BW Editor reexamines 20 years of coverage

Joel Dyer | Boulder Weekly

As far as I know, it’s been two decades since anyone pulled the newsprint archive of Boulder Weekly’s first year and looked back through every page of all 52 issues. I recently completed that task, or journey, as I prefer to call it, and I’m a little surprised by what I found.


Many of the issues that we were reporting on 20 years ago are still hot topics today. I’m not sure exactly what this means other than to say that we are apparently better at talking about and studying problems than we are at actually fixing them.

Even more surprising, I found that a fair number of the personalities, restaurants and other businesses that were the subjects of BW stories back in 1993 have coincidentally reappeared, for good or bad, in articles that we have written just this past year.
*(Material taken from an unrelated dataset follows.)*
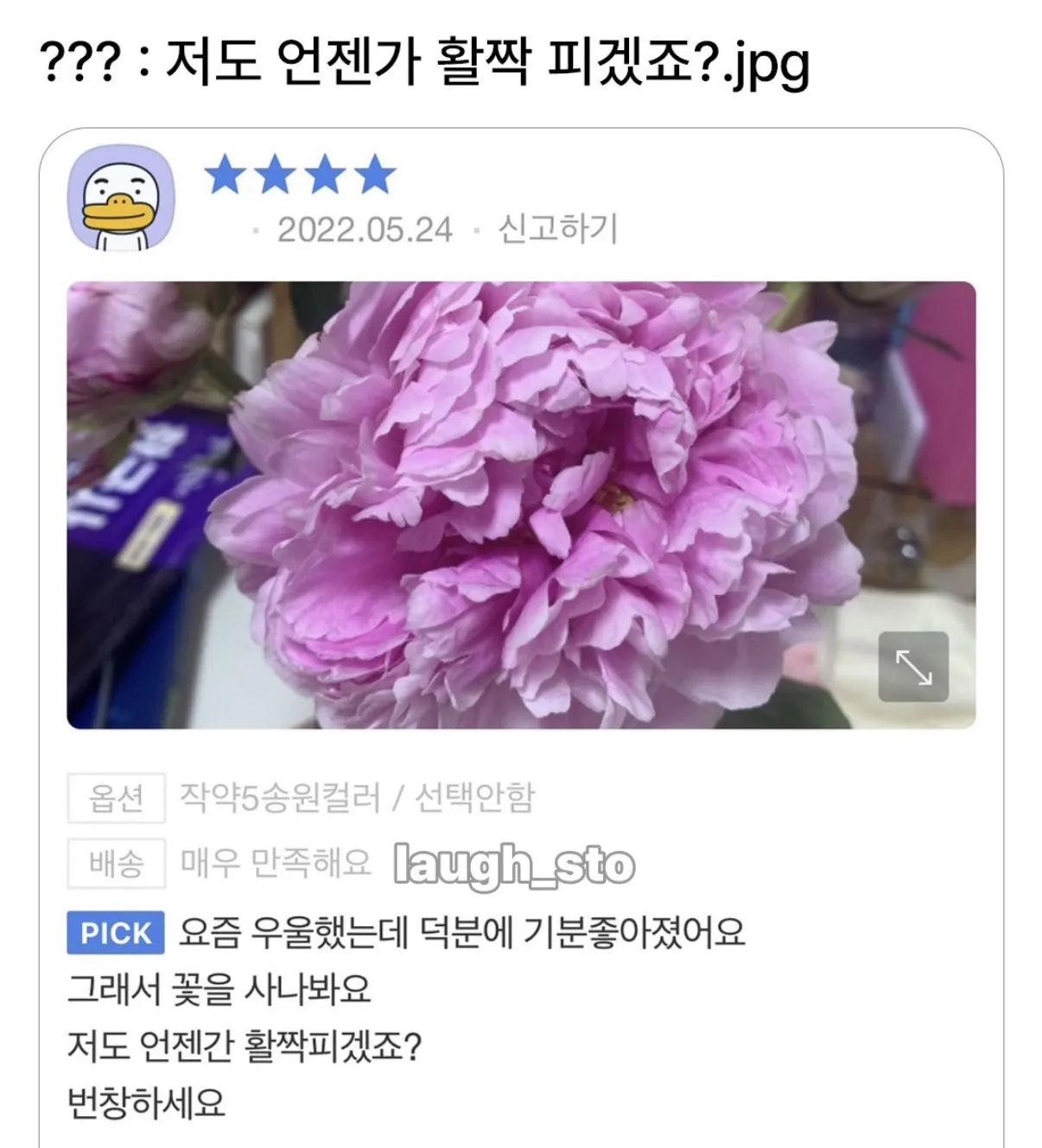 프리서버 커뮤니티 인기 게시물 - 저도 언젠가 활짝 피겠죠?.jpg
But the most pleasant part of my exploration of that first year was just seeing the familiar faces and places looking back at me from the photos on those yellowing pages, and to read one name after another that pulled up a memory that I had long ago forgotten, or at least thought I had.

So I’ve decided to share a few of my discoveries from my journey through BW’s first year. I hope you find them as thought-provoking, surprising and enjoyable as I did.
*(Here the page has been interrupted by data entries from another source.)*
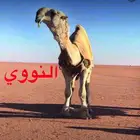 مطلوب هايلكس دبل ديزل 2012 وفوق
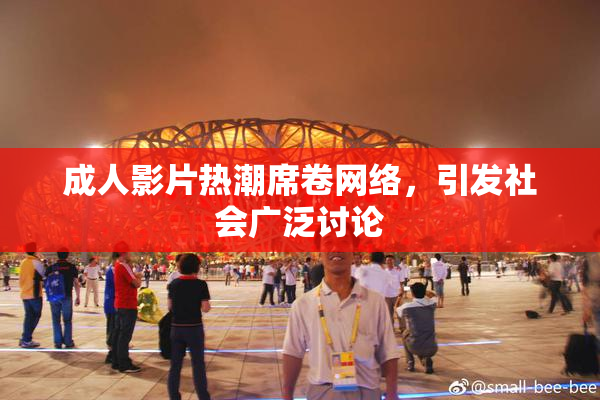 成人影片热潮席卷网络，引发社会广泛讨论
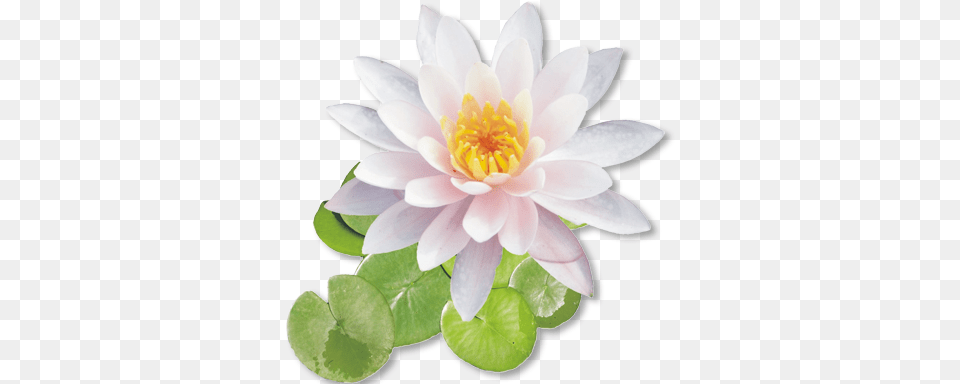 White Lotus Flower Shri Ram On Lotus Flower, Lily, Plant, Pond Lily, Dahlia Free Png Download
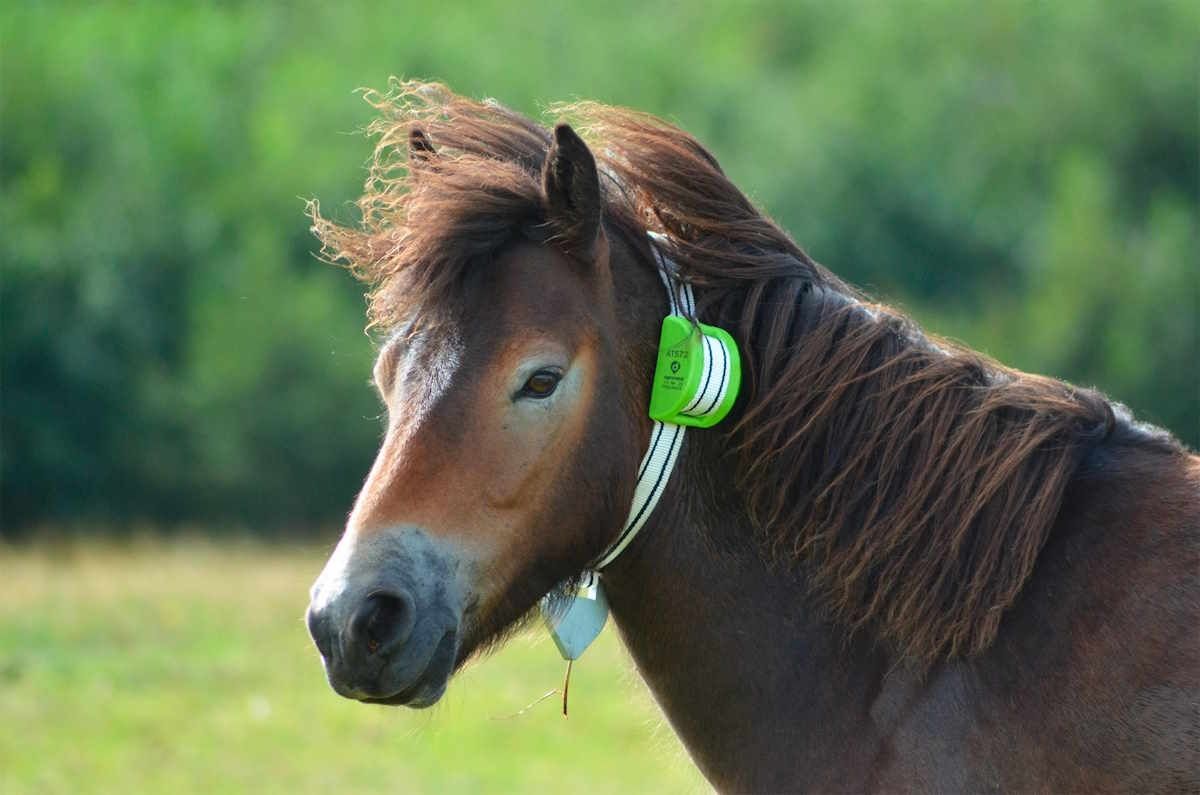 bitsa_ganadería_innovación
I couldn’t help but chuckle when I started reading the first cover story in Boulder Weekly’s history. It seemed almost too appropriate that the very first person ever quoted in the paper was then Boulder City Council member Steve Pomerance, and he was talking about the need to curb Boulder’s growth rate.

See what I mean? The more things change, the more they stay the same.
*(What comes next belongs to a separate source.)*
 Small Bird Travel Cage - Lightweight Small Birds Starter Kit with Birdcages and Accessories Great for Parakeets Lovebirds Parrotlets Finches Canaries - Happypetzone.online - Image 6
As most Boulderites know, Steve Pomerance is still an incredibly passionate advocate for planning all things Boulder for the benefit of the city’s residents and the environment. This doesn’t mean that we all always agree with him, but it does mean that we all owe him our gratitude for working so hard for so many years to make a difference.

This, of course, is true of many of the people whose names appeared in those early editions. The second issue of BW featured an interview with a North Boulder community activist fighting against a proposed Safeway store in the neighborhood. That activist was none other than current and perpetual city council member Lisa Morzel.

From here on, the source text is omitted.